Her first office was on Broadway. “I really had humble beginnings. I started with nothing. I had no clients. All I had was a dream and the drive to succeed.” In 2016, she moved to her current address, 583 Chestnut St., a large brick building that houses numerous businesses.
She and her staff of six — all women — specialize in family law, criminal defense, probate and estate planning, and general litigation. She spends much of her workday in court.
“I’m known for being very aggressive in court. People want someone to strongly advocate for them,” she said.

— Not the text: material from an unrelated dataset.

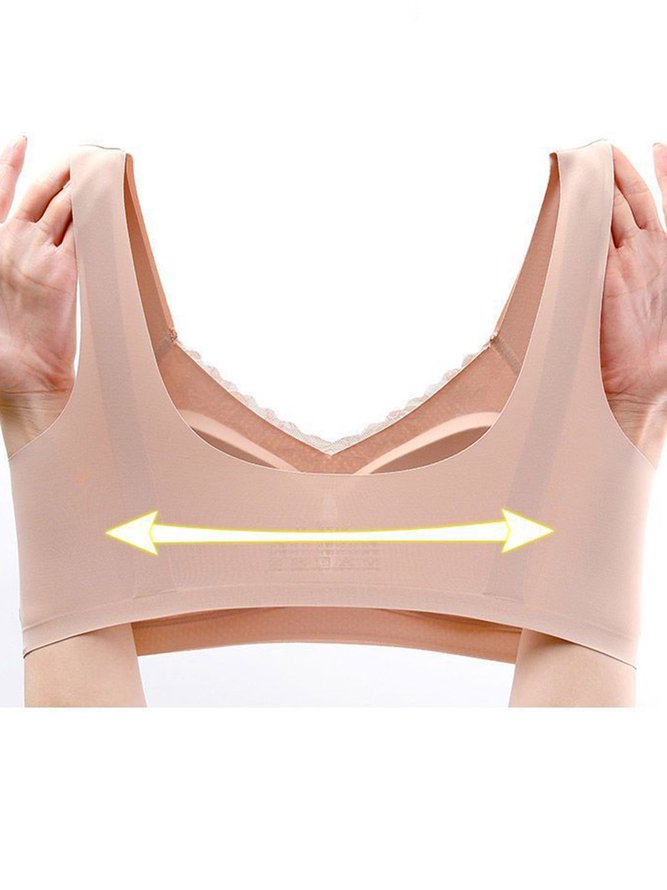 Lace Push Up Adjustable Wireless Bra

“I am very lucky. My dad is from South Carolina and my mom is from Wareham, Mass. They moved up here because job opportunities weren’t great down south. They both work very hard. I am a first-generation college student, my mom and dad and everyone else in our family never went to college. It was a huge deal for us. When I got my Bachelor’s degree, I think my dad was thinking ‘OK, honey. Time to get a job.’ But when I decided to go to law school, my parents were supportive, and they have supported whatever my decisions were.”
Giving back is an important part of her life.
“My passion for philanthropy and mentorship, and my commitment to this community, are central to who I am. I’m thankful each day that I’m in a position to have such a positive impact on this community.”
Gov. Charlie Baker appointed her to the North Shore Community College Board of Trustees. She was a NSCC adjunct professor and taught paralegal classes there for a couple of years. She also serves on the board of the Big Sister Association of Greater Boston, and mentors two girls there.
“In my free time, I do a lot of community work. Is that relaxing? Yes it is! Sitting on boards is great. What an opportunity. But I really enjoy mentoring young people. I love that I can do that.
“Growing up in Lynn, I experienced diversity. It stayed with me, I appreciated it. At college, I didn’t see that diversity.” The Upward Bound program, which helps first-generation or low-income students prepare for college, was a lifesaver, she said. “In eighth grade I knew I wanted to go to college but not much beyond that. Someone from Upward Bound came to Breed and helped me immensely.”
What does the future hold? Tewksbury resident Bluefort hopes to expand to a third location, in nearby New Hampshire, on Cape Cod or maybe in New York. The main office will always be in Lynn.
“And I’d eventually like to be a judge, a family and probate court judge, in Essex or Suffolk County,” she said matter-of-factly. “Judges are appointed by the governor. “And there will always be community work. Always.”